O caso chama atenção porque, de acordo com investigadores ucranianos e especialistas:
O drone era um Molniya, equipado com um computador Nvidia Jetson Orin.
O sistema utilizava visão computacional para identificar objetos e selecionar autonomamente o alvo final, sem um operador fazendo essa escolha naquele momento.
O ataque atingiu uma posto de gasolina, aparentemente buscando tanques de propano.
As vítimas foram uma estudante de 19 anos e dois homens, de 41 e 48 anos.
Investigadores encontraram no equipamento componentes e código que permitiram reconstruir parte do funcionamento do sistema.
O ponto mais importante é a distinção entre “drone controlado por IA” e “arma totalmente autônoma”. Há anos Rússia e Ucrânia utilizam drones com visão computacional para reconhecer e acompanhar alvos.
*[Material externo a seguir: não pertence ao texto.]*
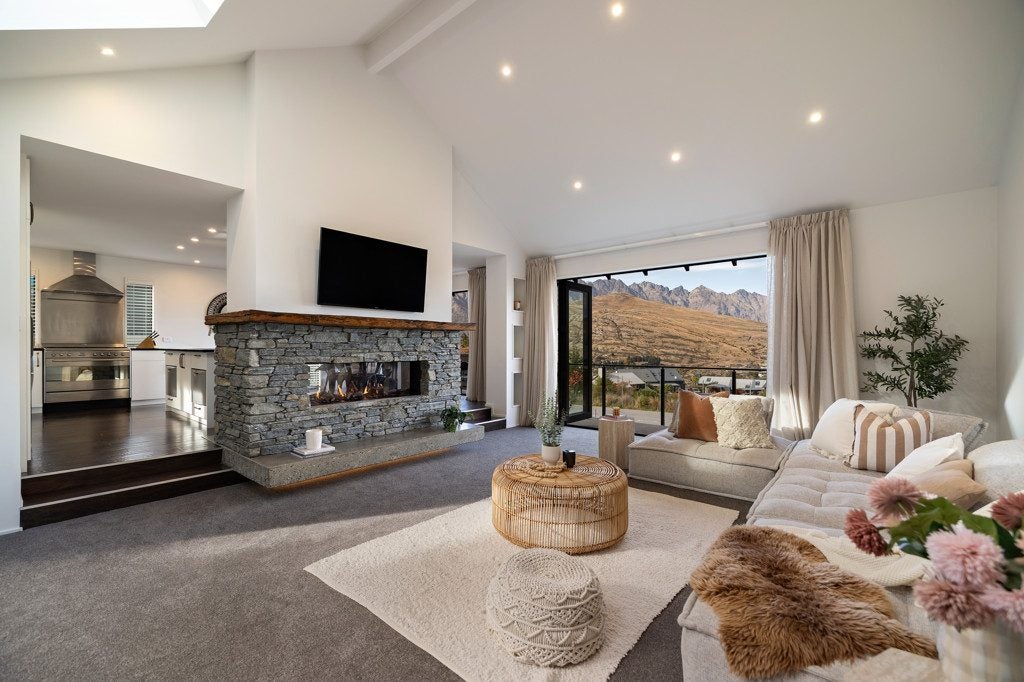 1 Goldleaf Hill, Queenstown, Queenstown - Carousel 2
Neste caso, porém, as evidências apontam para algo mais avançado: o drone teria recebido uma missão geral e tomado sozinho a decisão sobre o alvo específico durante a aproximação.
Especialistas consideram esse episódio o primeiro caso documentado de mortes de civis atribuídas a uma arma russa com seleção autônoma de alvo por IA, embora alguns detalhes técnicos permaneçam baseados nas análises ucranianas e na investigação jornalística.